Dalam kebingungan dan ketidakpastian itu, saya merasa tidak punya pilihan selain beradaptasi dengan cara yang tak terduga. Dengan tekad yang tak tergoyahkan, saya memutuskan untuk mencuci wajah dengan sabun cuci muka andalan saya, Nivea Men, seolah-olah berlomba melawan waktu untuk mencapai kemenangan dalam "Olimpiade Sabun Muka."
Di dalam kamar mandi yang hampir sepenuhnya gelap, hanya diterangi oleh semburat cahaya samar, saya merasa seperti seorang detektif yang mencari petunjuk dalam kasus yang sulit. Dan pada titik ini, tindakan selanjutnya adalah sesuatu yang tak pernah terlintas dalam pikiran saya: wudhu. Meskipun seharusnya ini adalah bagian dari rutinitas setelah mandi yang nyaman, malam itu saya menemukan arti yang mendalam dalam setiap gerakan. Setiap tetes air yang saya gunakan untuk membersihkan wajah dan tangan menjadi simbol keberanian dan ketabahan dalam menghadapi tantangan tak terduga.
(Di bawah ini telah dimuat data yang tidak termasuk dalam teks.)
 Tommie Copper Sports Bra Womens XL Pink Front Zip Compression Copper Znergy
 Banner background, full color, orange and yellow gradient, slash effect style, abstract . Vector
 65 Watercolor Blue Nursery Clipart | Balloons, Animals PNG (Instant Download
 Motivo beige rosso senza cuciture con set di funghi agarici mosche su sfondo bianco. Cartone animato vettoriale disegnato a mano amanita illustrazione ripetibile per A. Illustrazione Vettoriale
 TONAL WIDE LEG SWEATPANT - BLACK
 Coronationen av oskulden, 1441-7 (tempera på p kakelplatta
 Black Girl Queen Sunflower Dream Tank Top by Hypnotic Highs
Wudhu, seperti sebuah ritual suci di tengah ketidakpastian dan kebingungan, memberikan kesempatan untuk merenung dan berhubungan dengan diri sendiri, bahkan dalam situasi yang tak terduga. Saya merasa seperti seorang mistikus yang menemukan kedamaian dalam kesederhanaan dan ritual sederhana. Mungkin, Tuhan sedang berbicara dengan saya melalui detik-detik ini, mengingatkan saya untuk tetap berpegang pada nilai-nilai dan komitmen saya bahkan ketika situasi seakan-akan berada di luar kendali.
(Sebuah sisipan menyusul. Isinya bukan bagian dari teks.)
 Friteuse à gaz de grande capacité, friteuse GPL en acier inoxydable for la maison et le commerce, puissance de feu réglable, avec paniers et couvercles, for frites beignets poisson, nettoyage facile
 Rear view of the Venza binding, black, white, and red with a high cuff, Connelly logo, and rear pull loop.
Dalam keadaan sulit seperti itu, saya belajar untuk tetap berkomitmen pada diri sendiri dan menjalani rutinitas yang saya yakini akan membawa perubahan positif dalam hidup saya. Terkadang, saat kita dihadapkan pada tantangan, kita bisa menemukan kekuatan dalam rutinitas sehari-hari yang mungkin dianggap sepele. Itulah yang saya rasakan semalam, di bawah cahaya samar dan dengan sabun cuci muka sebagai sahabat setia. Saya bahkan menertawakan diri sendiri dalam ketidakpastian tersebut, berpikir, "Siapa sangka bahwa petualangan ini akan membawa saya lebih dekat dengan diri sendiri dan membuat saya bersahabat dengan sebotol sabun!"